◆ BRIEF ◆
The reply to the records below should contain exactly the lines from the line with "Vintage frame border" through the line with "32寸卡装美版数字0到9气球", and nothing besides.

==== DATA RECORDS ====

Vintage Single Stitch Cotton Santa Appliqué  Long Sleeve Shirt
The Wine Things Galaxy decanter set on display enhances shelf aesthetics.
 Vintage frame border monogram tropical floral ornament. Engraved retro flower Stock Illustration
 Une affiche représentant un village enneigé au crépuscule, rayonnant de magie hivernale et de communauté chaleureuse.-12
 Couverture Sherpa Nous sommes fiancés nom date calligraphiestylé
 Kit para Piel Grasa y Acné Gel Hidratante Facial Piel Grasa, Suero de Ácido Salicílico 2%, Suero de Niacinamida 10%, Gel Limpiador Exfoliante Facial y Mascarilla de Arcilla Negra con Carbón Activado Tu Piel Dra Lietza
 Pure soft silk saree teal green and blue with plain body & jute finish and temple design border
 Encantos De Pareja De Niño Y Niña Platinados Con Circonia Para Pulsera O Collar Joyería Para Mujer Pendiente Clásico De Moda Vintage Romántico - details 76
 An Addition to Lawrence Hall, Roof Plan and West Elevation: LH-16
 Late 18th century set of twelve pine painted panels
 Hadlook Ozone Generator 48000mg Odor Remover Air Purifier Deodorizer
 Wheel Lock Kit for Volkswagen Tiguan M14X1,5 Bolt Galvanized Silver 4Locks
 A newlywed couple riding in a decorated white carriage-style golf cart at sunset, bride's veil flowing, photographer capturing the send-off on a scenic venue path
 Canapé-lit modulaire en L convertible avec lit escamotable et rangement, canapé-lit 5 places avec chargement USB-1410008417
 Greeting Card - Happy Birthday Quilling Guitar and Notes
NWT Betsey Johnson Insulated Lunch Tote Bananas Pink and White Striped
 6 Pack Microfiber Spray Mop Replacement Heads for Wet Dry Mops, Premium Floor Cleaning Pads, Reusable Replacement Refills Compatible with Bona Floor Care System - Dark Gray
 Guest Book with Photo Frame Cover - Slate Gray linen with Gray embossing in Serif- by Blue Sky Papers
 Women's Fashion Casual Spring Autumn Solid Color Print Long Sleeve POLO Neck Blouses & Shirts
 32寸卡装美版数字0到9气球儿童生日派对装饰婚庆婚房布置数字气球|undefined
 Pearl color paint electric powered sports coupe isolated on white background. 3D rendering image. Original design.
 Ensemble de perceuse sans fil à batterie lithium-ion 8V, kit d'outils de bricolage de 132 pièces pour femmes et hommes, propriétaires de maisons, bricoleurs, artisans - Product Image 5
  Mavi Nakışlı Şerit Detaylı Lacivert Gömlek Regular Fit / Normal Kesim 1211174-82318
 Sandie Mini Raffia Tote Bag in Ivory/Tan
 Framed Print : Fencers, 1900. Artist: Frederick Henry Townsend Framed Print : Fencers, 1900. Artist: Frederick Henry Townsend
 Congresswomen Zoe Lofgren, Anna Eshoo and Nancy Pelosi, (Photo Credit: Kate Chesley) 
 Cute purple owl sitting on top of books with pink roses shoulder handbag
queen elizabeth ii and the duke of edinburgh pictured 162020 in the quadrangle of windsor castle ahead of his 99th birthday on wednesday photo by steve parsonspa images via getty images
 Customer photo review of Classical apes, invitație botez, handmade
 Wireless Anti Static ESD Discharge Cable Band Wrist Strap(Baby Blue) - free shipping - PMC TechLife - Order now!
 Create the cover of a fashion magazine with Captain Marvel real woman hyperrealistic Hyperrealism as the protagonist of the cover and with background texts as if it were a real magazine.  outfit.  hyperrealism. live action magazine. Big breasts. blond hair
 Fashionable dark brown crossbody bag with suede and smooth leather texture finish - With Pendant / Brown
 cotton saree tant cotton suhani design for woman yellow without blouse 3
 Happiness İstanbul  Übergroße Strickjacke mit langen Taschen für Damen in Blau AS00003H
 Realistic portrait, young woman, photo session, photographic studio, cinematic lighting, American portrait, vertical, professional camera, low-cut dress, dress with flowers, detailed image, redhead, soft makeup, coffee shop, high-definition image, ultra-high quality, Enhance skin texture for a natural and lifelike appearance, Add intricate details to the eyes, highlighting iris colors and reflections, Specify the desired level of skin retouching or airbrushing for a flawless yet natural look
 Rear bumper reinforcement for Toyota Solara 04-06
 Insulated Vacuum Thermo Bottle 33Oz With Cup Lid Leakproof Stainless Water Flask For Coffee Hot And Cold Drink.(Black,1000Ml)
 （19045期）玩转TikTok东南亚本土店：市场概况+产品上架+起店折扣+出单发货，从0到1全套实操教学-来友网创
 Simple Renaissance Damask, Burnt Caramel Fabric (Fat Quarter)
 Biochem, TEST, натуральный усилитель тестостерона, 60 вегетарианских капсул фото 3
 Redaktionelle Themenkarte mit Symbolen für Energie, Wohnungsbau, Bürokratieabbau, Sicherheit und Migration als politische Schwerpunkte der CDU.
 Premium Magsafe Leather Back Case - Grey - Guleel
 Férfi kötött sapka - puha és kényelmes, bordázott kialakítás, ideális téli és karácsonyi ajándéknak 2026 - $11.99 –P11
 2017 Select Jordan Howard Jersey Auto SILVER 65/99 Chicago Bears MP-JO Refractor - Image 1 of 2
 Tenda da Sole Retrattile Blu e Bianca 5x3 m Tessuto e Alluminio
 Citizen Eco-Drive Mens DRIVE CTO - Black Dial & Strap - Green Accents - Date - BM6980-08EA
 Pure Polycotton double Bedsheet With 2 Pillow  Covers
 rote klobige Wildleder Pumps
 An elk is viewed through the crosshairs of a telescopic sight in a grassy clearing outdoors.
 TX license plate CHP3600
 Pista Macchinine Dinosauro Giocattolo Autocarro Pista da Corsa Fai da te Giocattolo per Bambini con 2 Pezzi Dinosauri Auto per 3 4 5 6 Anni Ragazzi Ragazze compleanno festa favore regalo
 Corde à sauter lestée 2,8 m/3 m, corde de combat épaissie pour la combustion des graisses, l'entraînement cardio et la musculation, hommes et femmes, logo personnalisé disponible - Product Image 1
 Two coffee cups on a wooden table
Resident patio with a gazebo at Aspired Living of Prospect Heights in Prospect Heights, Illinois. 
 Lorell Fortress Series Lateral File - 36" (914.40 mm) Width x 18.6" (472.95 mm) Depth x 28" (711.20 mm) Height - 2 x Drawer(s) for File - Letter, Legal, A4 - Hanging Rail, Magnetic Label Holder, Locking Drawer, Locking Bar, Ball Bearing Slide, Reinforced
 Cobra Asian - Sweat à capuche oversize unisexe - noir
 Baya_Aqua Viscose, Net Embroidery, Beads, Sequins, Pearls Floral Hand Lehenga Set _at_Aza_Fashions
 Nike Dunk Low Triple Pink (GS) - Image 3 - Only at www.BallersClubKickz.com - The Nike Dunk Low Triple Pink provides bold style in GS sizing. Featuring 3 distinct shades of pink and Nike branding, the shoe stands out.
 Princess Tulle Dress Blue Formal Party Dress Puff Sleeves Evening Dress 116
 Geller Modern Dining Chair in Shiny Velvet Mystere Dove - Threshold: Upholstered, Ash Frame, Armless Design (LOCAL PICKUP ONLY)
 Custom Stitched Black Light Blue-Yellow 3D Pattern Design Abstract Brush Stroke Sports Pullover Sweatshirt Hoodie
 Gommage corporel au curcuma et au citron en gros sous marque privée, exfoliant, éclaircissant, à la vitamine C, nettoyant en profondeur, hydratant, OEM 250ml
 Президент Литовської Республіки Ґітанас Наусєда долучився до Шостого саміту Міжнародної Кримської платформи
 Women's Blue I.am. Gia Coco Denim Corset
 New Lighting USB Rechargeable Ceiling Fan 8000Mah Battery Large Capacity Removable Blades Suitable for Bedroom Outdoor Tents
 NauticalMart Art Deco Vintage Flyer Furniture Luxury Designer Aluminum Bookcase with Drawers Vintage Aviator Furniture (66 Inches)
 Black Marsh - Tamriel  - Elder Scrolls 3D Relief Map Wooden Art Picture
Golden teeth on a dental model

====

◆ RESULT FOR THIS TASK ◆
 Vintage frame border monogram tropical floral ornament. Engraved retro flower Stock Illustration
 Une affiche représentant un village enneigé au crépuscule, rayonnant de magie hivernale et de communauté chaleureuse.-12
 Couverture Sherpa Nous sommes fiancés nom date calligraphiestylé
 Kit para Piel Grasa y Acné Gel Hidratante Facial Piel Grasa, Suero de Ácido Salicílico 2%, Suero de Niacinamida 10%, Gel Limpiador Exfoliante Facial y Mascarilla de Arcilla Negra con Carbón Activado Tu Piel Dra Lietza
 Pure soft silk saree teal green and blue with plain body & jute finish and temple design border
 Encantos De Pareja De Niño Y Niña Platinados Con Circonia Para Pulsera O Collar Joyería Para Mujer Pendiente Clásico De Moda Vintage Romántico - details 76
 An Addition to Lawrence Hall, Roof Plan and West Elevation: LH-16
 Late 18th century set of twelve pine painted panels
 Hadlook Ozone Generator 48000mg Odor Remover Air Purifier Deodorizer
 Wheel Lock Kit for Volkswagen Tiguan M14X1,5 Bolt Galvanized Silver 4Locks
 A newlywed couple riding in a decorated white carriage-style golf cart at sunset, bride's veil flowing, photographer capturing the send-off on a scenic venue path
 Canapé-lit modulaire en L convertible avec lit escamotable et rangement, canapé-lit 5 places avec chargement USB-1410008417
 Greeting Card - Happy Birthday Quilling Guitar and Notes
NWT Betsey Johnson Insulated Lunch Tote Bananas Pink and White Striped
 6 Pack Microfiber Spray Mop Replacement Heads for Wet Dry Mops, Premium Floor Cleaning Pads, Reusable Replacement Refills Compatible with Bona Floor Care System - Dark Gray
 Guest Book with Photo Frame Cover - Slate Gray linen with Gray embossing in Serif- by Blue Sky Papers
 Women's Fashion Casual Spring Autumn Solid Color Print Long Sleeve POLO Neck Blouses & Shirts
 32寸卡装美版数字0到9气球儿童生日派对装饰婚庆婚房布置数字气球|undefined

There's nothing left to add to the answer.